Basically, the new L200 breezed through everything the course could throw at it. It even has an ‘anti-stall’ feature that keeps the engine running at minimum revs just as long as all wheels are not slipping or the ascent is too great. The tight turning circle of 5.9 meters also paid off here making the new L200 much more manoeuvrable than, for example, the longer Navara which needs a full 7 metres.

Having done my driving stint I then had the opportunity to sit in the back while someone else had a go. A true test if ever there was one of the comfort of the rear seats. These are much more reclined than in the old L200 with more legroom in the back than any other UK double-cab.

Next, the 4-speed auto. Surprisingly, this drives on twisting country roads in the same sort of manner as the old Omega 2.5 diesel auto. It’s smooth, doesn’t hunt, and handles decently up to the point where roll understeer will always try to take over on a vehicle like this.

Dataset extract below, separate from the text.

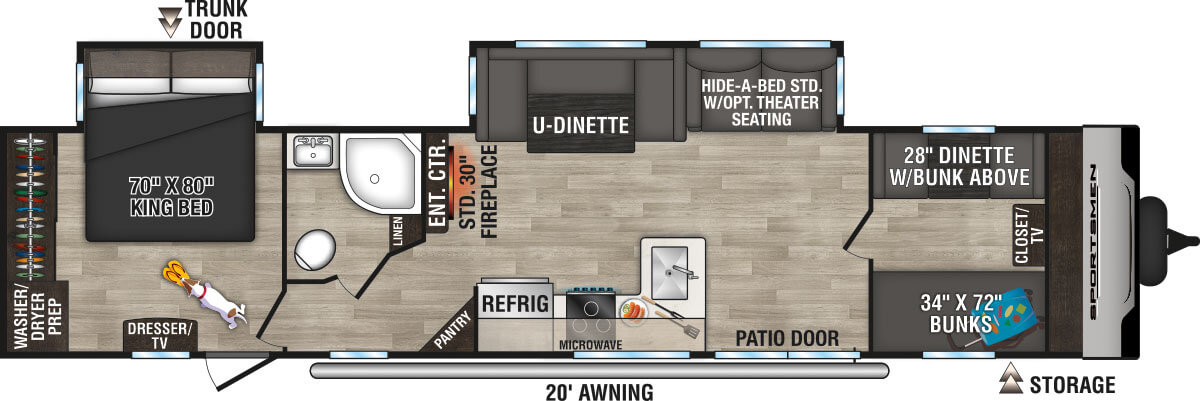 2024 KZ RV Sportsmen 362BH Travel Trailer Floorplan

On a special track we were also able to test the effectiveness of the ABS with EBD at allowing the vehicle to steer safely from a 40mph stop with the brakes fully applied. Then check out how the M-ASTC system cuts in to prevent the vehicle gearing out of shape if you try anything stupid like cornering much too quickly.

Finally a point about Benefit in Kind Tax. The rules change from April 2007, so instead of paying tax on a base of £500, company drivers of pick-ups will pay on the basis of £3,000. So, for a 40% taxpayer, the tax burden shoots up from £200 to £1,200. But further changes in the BIK base rate increase the tax burden for ordinary cars, so pick-ups still remain much more tax-efficient, if not the give-away they are now. And on top of that a 40% taxpayer will only pay £200 tax for free fuel.

A bit later I was privileged. Mitsubishi sent me one of its first chipped L200s. An all-singing, all-dancing double-cab Warrior automatic, with everything including a covered and carpeted load bay. It lacked low speed torque. So I needed to build the revs before emerging onto a roundabout, for example. But out on the road, on song, it got up to 80 remarkably, even scarily quickly. Its alleged 165PS felt a lot fitter than the Navara’s 174.